Posted in Movies, Theatrical by - March 07, 2019
Awkward Infusions: Our Review of ‘3 Faces’

For those not in the know, Iranian director Jafar Panahi endured a jail sentence for making subversive movies. He also got an additional 20 year ban from making films. But that didn’t stop him from making four feature length movies. There’s a sense of urgency in these films, only making movies because he has to. It’s a relate-able energy for some of us in the arts. People like us who profess that our dreams are dead but reach for them anyway. There’s also a compassion in these works that still comes out despite some flaws that might surface.

That compassion is necessary 3 Faces, Panahi’s latest work, where he plays himself. With him is Behnaz Jafari, as herself, an actress playing hooky from another film production. She comes with him in a road trip to what is presumably northwestern Iran. And the reason why they’re in this road trip is because of a woman. That woman, Marziyeh Rezaei, sent a video pleading to them. Her family won’t let her go to an acting school in Tehran. They might have been able to help. Panahi and Jafari visit the place where Marziyeh commits suicide, an act she commits on video.

The film eventually shows that village and its citizens, which makes both Panahi and Jafari suspicious. They expected an insular, xenophobic village. Instead all they got are villagers welcoming the two Tehrani artists. This village is good at hiding their secret dead. But there’s another possibility – that Marziyeh’s suicide video is a hoax. There are signs and red flags within the video that makes Jafari point to that conclusion. That’s despite Panahi’s protestations that Marziyeh isn’t good enough of a video editor to fake her own death. Is she desperate enough to do this?

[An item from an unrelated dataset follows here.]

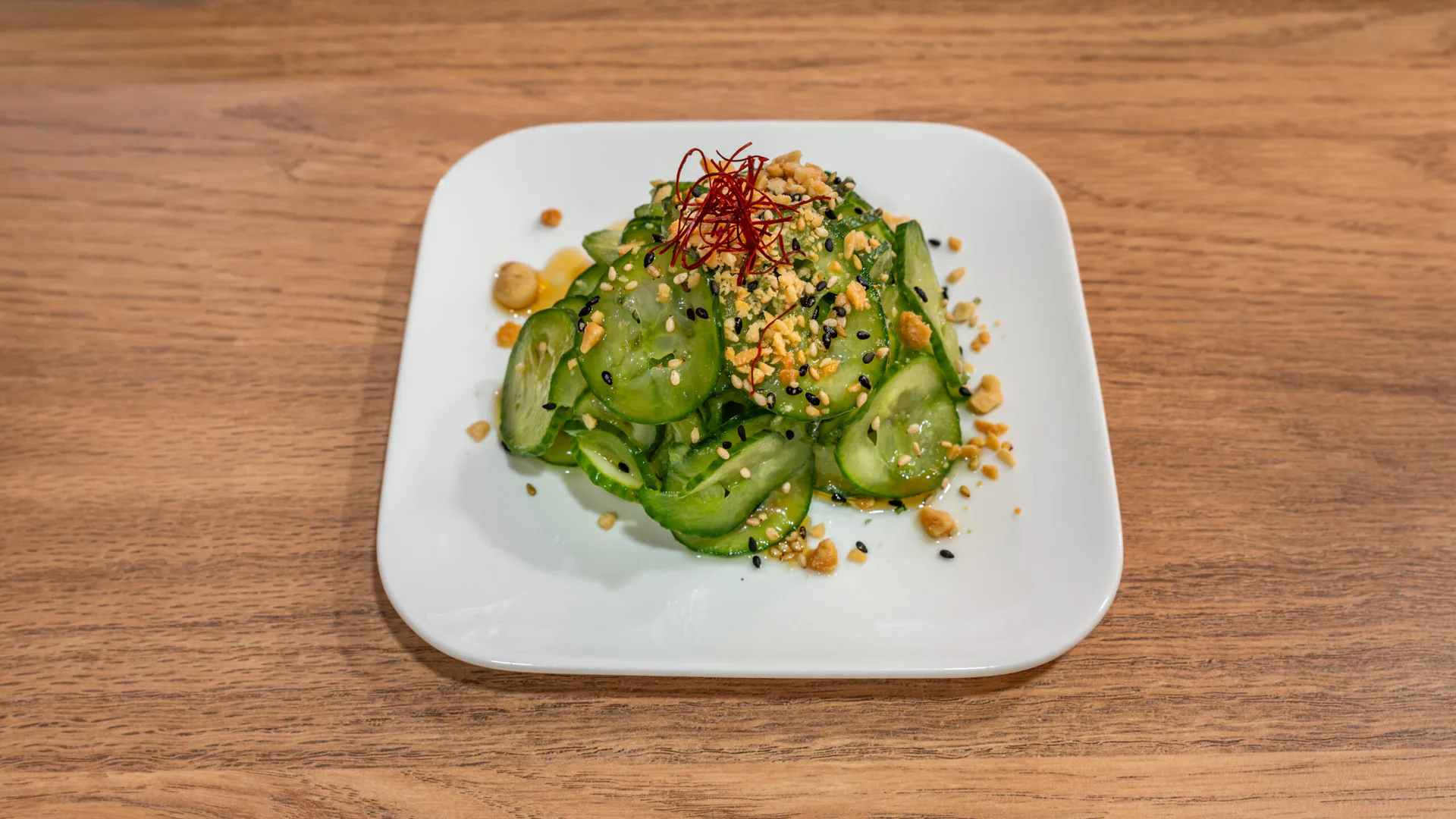 Salade de concombre, sésame et cacahuète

Panahi and Jafari eventually meet Marziyeh’s family, whose presence adds more questions than answers them. Despite that ambiguity, these encounters shows what the film does best. It shows the two navigate a space that is perpetually new to them, a village with conservative values. That’s especially true with Jafari, whose national level of fame plays into these encounters. She might be a famous actress in relatively liberal Iran. But to Marziyeh’s family, she’s a wayward entertainer whose fate is as uncertain as their prodigal daughter’s.

Panahi’s new film has its share of unnecessary detours. It’s if it’s trying to fill some of its 95 minute running time with subplots. Panahi and Jafari also take up one too many invitations to tea. And some of these scenes expose these characters’s flaws. Specifically, that they don’t have information that could help the plot move forward. Character motivation also occasionally goes by the wayside. Panahi’s also trying to infuse wry comedy in these scenes, which work better in his previous feature, Taxi. Detours aside, there’s something palatable here even when he’s addressing serious issues.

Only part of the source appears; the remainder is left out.